__PROBLEM DETAILS__: Word for word, restate the listing that follows and leave out the images.

__SUPPLIED INFORMATION__:
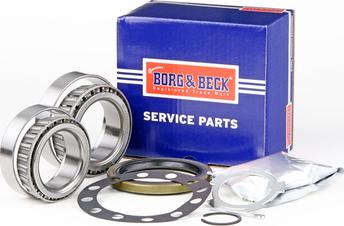 Borg & Beck BWK436 - Комплект подшипника ступицы колеса autosila-amz.com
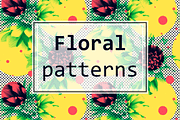 Flower power - seamless patterns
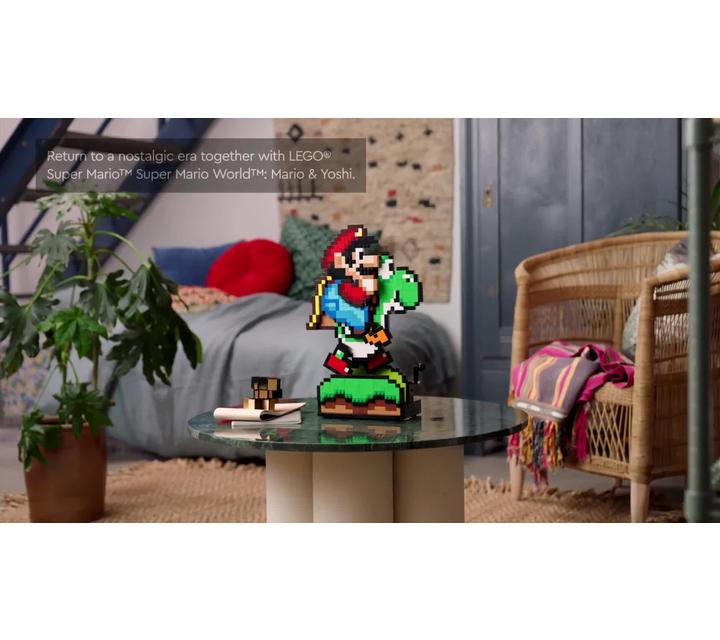 LEGO Super Mario World: Mario & Yoshi Set for Adults 71438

__COMPLETED TASK__:
 Borg & Beck BWK436 - Комплект подшипника ступицы колеса autosila-amz.com
 Flower power - seamless patterns
 LEGO Super Mario World: Mario & Yoshi Set for Adults 71438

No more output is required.